The hot summer sun burned bright, dried up Lake Decatur, inconvenienced water users and diverted attention from other matters. Fall brought respite from drought and we were able to focus on the many changes that are brewing.
Downtown Decatur's transformation has revitalized the city's core. The lakefront evolution continues. While industries such as Caterpillar Inc. and ADM hit valleys, there is optimism that 2013 will bring better days.
On this page we review the year that was and look ahead.
The emerald ash borer, an insect City Forester Randy Callison said is “not good for anything,” moved into Macon County in the spring with confirmed captures in traps.
Native to Asia, the exotic beetle was first spotted in North America in June 2002 and first found in Illinois in 2006. As its name says, it bores into every ash tree variety, disrupts the trees’ ability to absorb water and nutrition, and the trees slowly die over the course of a few years.
Treatments are available but only about 80 percent effective.
“People who have live ash trees and want to treat them need to treat every spring,” Callison said.
If you don’t know whether you have ash trees or whether they’re affected, Callison is willing to come and look for you. Chemicals to do the treatment are readily available and you can do the job yourself, or hire someone to do it for you.
Researchers have found three species of parasitic wasps in China that are the emerald ash borers’ natural enemy and are trying some limited releases of those wasps in this country to combat the beetles. The problem is that releasing nonnative species is often more of a problem than a solution.
New legislative faces
Central Illinoisans chose to send several new faces to Washington, D.C., and Springfield in the November election.
Republican Rodney Davis of Taylorville was able to pull away from Democratic challenger David Gill of Bloomington in the new 13th Congressional District which includes Decatur, Bloomington and Springfield. Davis was a late replacement for longtime incumbent Tim Johnson who announced he would not seek re-election shortly after he won the March primary. Davis defeated Gill by 1,002 votes.
The loss was Gill’s fourth as he lost to Johnson in three previous attempts to win the old 15th District seat.
The newly drawn maps also brought challengers for seats in the Illinois House and Senate. While several lawmakers were unopposed in November, but the 96th House District saw a battle between schoolteacher Sue Scherer, a Decatur Democrat, and Dennis Shackelford, a Springfield Republican. Scherer handily defeated Shackelford while Decatur Mayor Mike McElroy, a Republican, was not able to overcome Democrat Andy Manar, who had served as chairman of the Macoupin County Board and mayor of Bunker Hill.
In Macon County, Democrat Jay Scott was able to hold off Republican Dan Hassinger in the race to replace Jack Ahola as state’s attorney. The races in the seven Macon County board districts saw the GOP take the majority for the first time in more than a decade.
Scott and new board members were sworn in this month, while those who won statewide and national positions will be sworn in early next year.
Transition center is history
After nearly a year of arguments, legal fights and grandstanding, multiple prisons, youth centers and transition centers have begun to close their doors.
The closure of these facilities, including the adult transition center in Decatur, began less than a week before Christmas after an Alexander County judge lifted an injunction that has barred Gov.
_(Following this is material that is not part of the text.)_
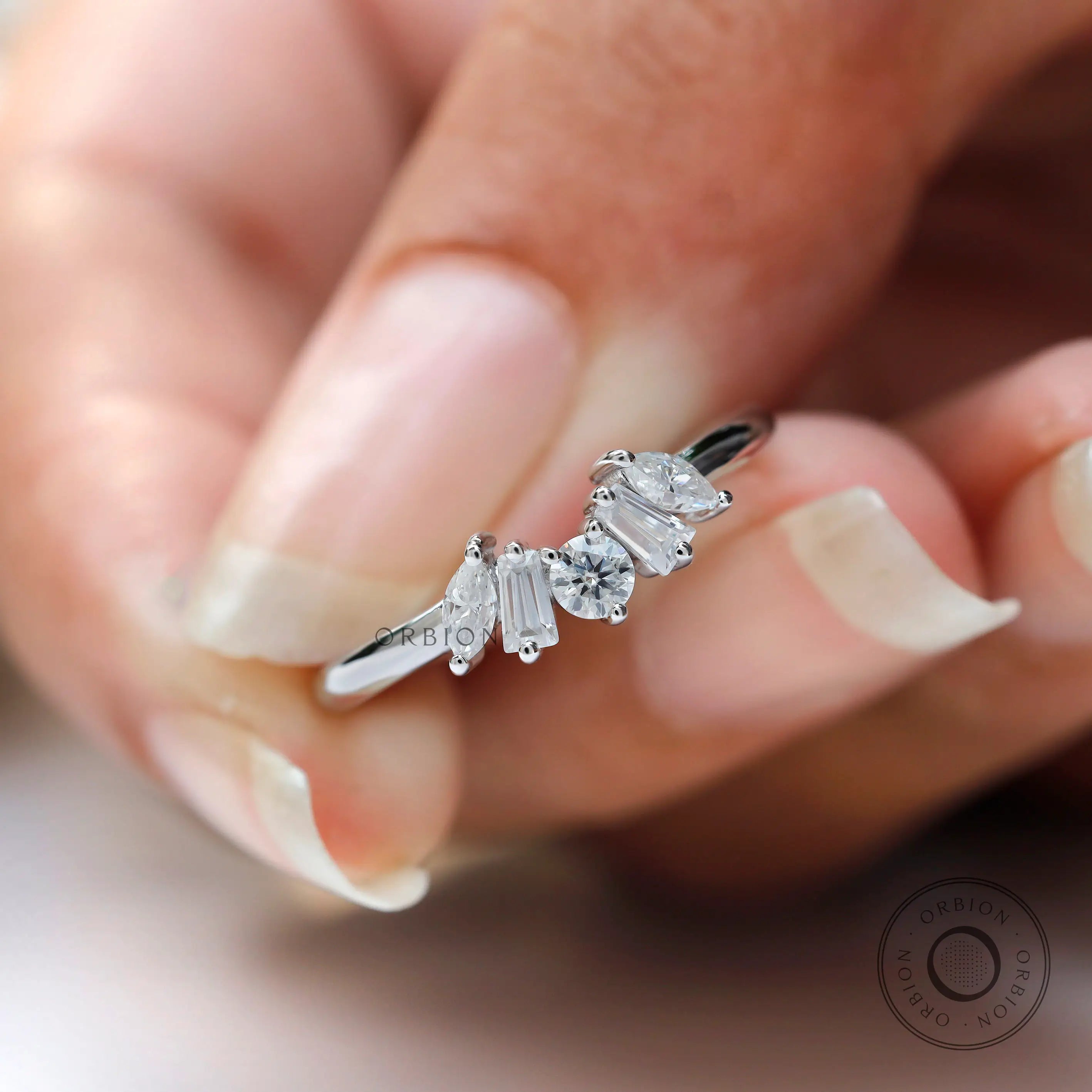 Close-up of multi stones moissanite with glossy white gold band finish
Pat Quinn from closing prison facilities for months.
While a lawsuit by the American Federation of State, County and Municipal Employees union will continue, the judge’s decision allowed Quinn to move forward with his plan to close the facilities which his office hopes will save an estimated $100 million annually.
While the adult transition centers in Decatur, Carbondale and Chicago were closed late December, the closing of the super-max Tamms Correctional Center in Southern Illinois and the all-female prison in Dwight are expected to happen in early January.
There is some hope for the future of the facilities though as some lawmakers hope the facilities will become bargaining chips in the ongoing contract talks between Quinn and AFSCME.
Pension fight set to resume
Possibly the best chance for Illinois to pass a comprehensive pension reform package will be in early January.
Whether it happens remains to be seen.
Gov. Pat Quinn has eyed the lame-duck session, where 35 lawmakers across the state will vote on bills before they leave office Jan. 9, as the best time to pass pension reform. Lawmakers can make unpopular votes at this time without worry of voter backlash. The 67 percent increase in the income tax rate was passed during the 2010 lame-duck session.
But lawmakers have yet to come to a consensus on a plan to fix the pension mess which has an unfunded liability of $95 billion, the worst in the nation. Both lawmakers and the unions have come up with several plans but questions linger about solutions that include raising the retirement age and cutting cost of living increases.
The union has shot down several bipartisan proposals and introduced their own plan in December that would increase the amount employees paid into pensions, but would also raise taxes and end numerous corporate tax benefits.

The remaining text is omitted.